The line with "Elegant bathroom featuring" marks the first line to copy, and the line with "Dolores and Eleazar" marks the last. Transcribe that stretch of the data below exactly, without pictures.

Supplied data:
*** Block opens ***
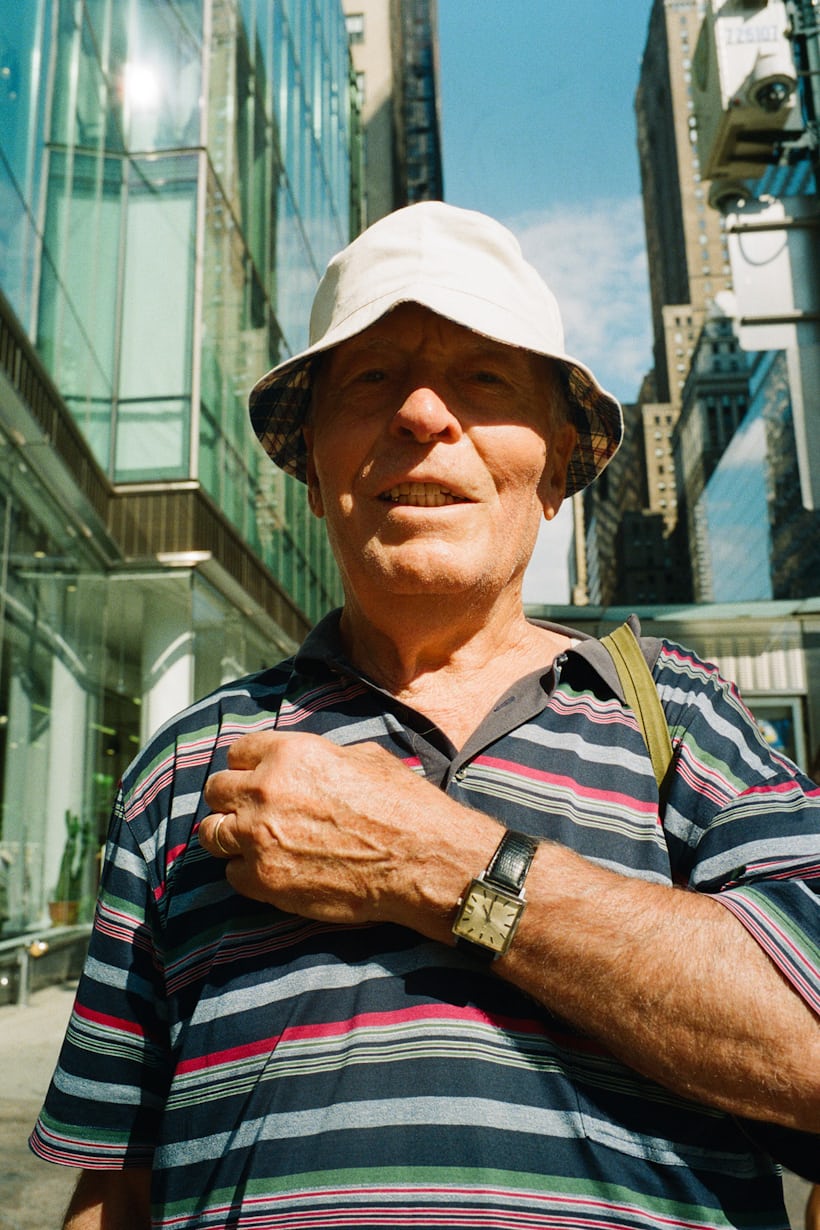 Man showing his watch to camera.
*** Block closes ***
*** Block opens ***
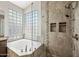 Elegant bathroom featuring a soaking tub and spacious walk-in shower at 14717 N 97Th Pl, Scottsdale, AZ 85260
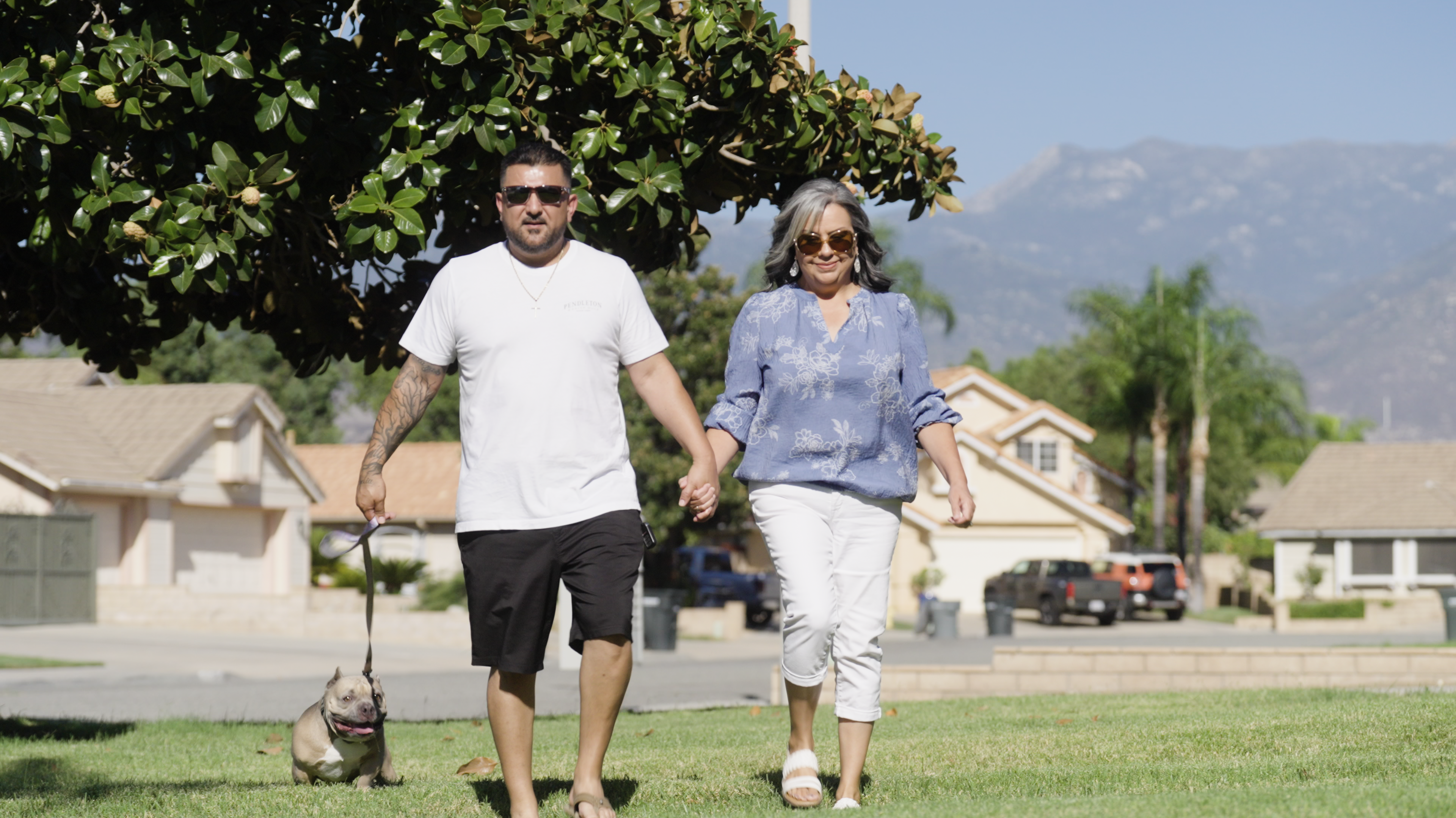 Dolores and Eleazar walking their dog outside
*** Block closes ***
Output:
 Elegant bathroom featuring a soaking tub and spacious walk-in shower at 14717 N 97Th Pl, Scottsdale, AZ 85260
 Dolores and Eleazar walking their dog outside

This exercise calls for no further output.